Nous demandons des analyses dûment consignées avec indication du jour, des résultats et par qui elles ont été faites, avant rejet s'il n'y a pas pollution avérée et, en cas de constat de pollution, fixer le délai minimum obligatoire de confinement et un éventuel rejet après contre analyses par un cabinet indépendant

 

Remarque 8

Le site va utiliser beaucoup  d'eau soit dans la zone 2 pour le lavage des emballages vides, soit dans la zone 3 pour traiter les fûts pompés et pour la presse à fûts , soit lors du déconditionnement des filtres usagés.

  • Que devient toute cette eau souillée, fortement polluée ?  Le simple passage dans des bacs de rétention est totalement insuffisant. Il manque le traitement des eaux usées et leur contrôle avant tout rejet.

 

Remarque 9 :

En page 15, on parle de "rejet par infiltration sur site", faut-il comprendre que la surface du site ne sera pas bétonnée, ce qui compromettrait justement le recueil des eaux pluviales et donc, leur analyse ? 

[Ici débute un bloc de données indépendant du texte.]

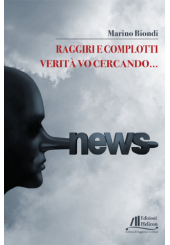 9788864665948 1889869855-1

  • Il faut demander le bétonnage de la surface de traitement et de stockage comme cela est exigé dans les installations de stockage de produits potentiellement dangereux ou toxiques pouvant affecter les eaux de voirie et de lavage de ces déchets.
  • Enfin, il n'est apparemment pas prévu un bac au passage des camions pour le lavage des roues avant leur sortie du site, comme cela se fait dans d’autres installations de même type, il faut le prévoir, avec périodicité fixée de vidange et curage, afin de limiter au maximum la dissémination à l’extérieur des pollutions du site.

 

Remarque 10 :

Enfin, en p14, le classement de la future ICPE non répertoriée en Seveso, même bas, paraît hâtif au vu du dossier extrêmement léger soumis à nos avis et la liste très large des déchets pouvant être accueillis sur ce site tels que prévus à la rubrique 3510 de la nomenclature ICPE (cf. ci-dessous).

Il nous paraît indispensable que l’étude d’impact qui doit accompagner tout dossier de demande pour une ICPE et la limitation stricte des déchets acceptés sur le site, apparaissent de manière plus rigoureuse dans la demande.

 

3510.Traitement de déchets dangereux

(Rubrique créée par le décret n° 2013-375 du 2 mai 2013)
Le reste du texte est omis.